"They follow the same glidepath methodology and asset allocation," Ms. Wegemann wrote. "The investment objective, strategies, policies, and overall portfolio management once the funds merge will remain the same."
The merger of the funds also is expected "to reduce operational complexities for plan sponsors and intermediaries and result in additional portfolio management and operational efficiencies, as well as economies of scale, which may result in additional cost savings for investors over time," Ms. Wegemann added.
For 401(k) sponsor-clients, Vanguard will cut the required minimum investment to $100 million from $250 million for its Vanguard Retirement Trust II program, a target-date series based on collective investment trusts.
Vanguard offers five collective investment trust-based target-date series. Ms. Wegemann, declined to provide details about the other four. As of Aug. 31, assets under management was $504.9 billion for all five, but she wouldn't provide an AUM figure for Vanguard Retirement Trust II.
The CIT-based target-date series are unaffected by the merger of the mutual fund-based series.
Vanguard on Tuesday also added a new CIT-based target-date series called Vanguard Target Retirement Income and Growth Trust. It is now available to eligible defined contribution plans.
"The new trust's higher (50%) equity allocation in retirement is intended for participants whose wealth, risk tolerance, and/or additional sources of income allow for higher discretionary spending in retirement," Vanguard said in a news release.

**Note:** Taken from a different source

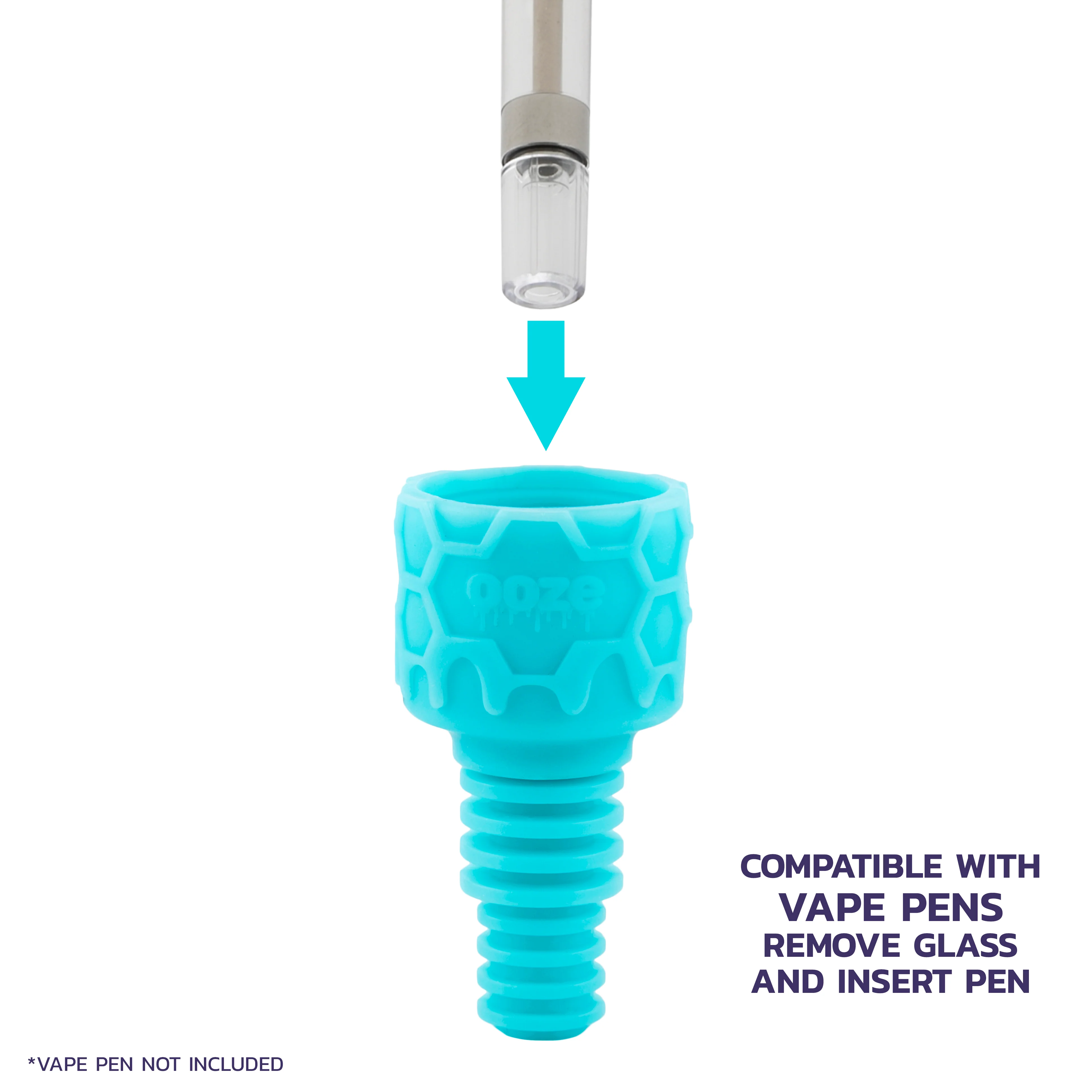 Ooze Swerve Silicone Water Pipe, Dab Rig & Dab Straw - Aqua Teal - Image 8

"The new trust is designed to be an opt-in alternative to the lower equity allocation (30%) of Vanguard Target Retirement Income Trust — most appropriate for participants whose primary investment objective is stable inflation-adjusted income to cover basic living expenses," the news release said.
As participants approach age 65, Vanguard will provide them with "tools and guidance to help them determine which trust option best suits their needs," the news release said. The goal is to "enable more participants to remain in their 401(k) plan upon retirement and continue to benefit from institutional pricing and fiduciary oversight."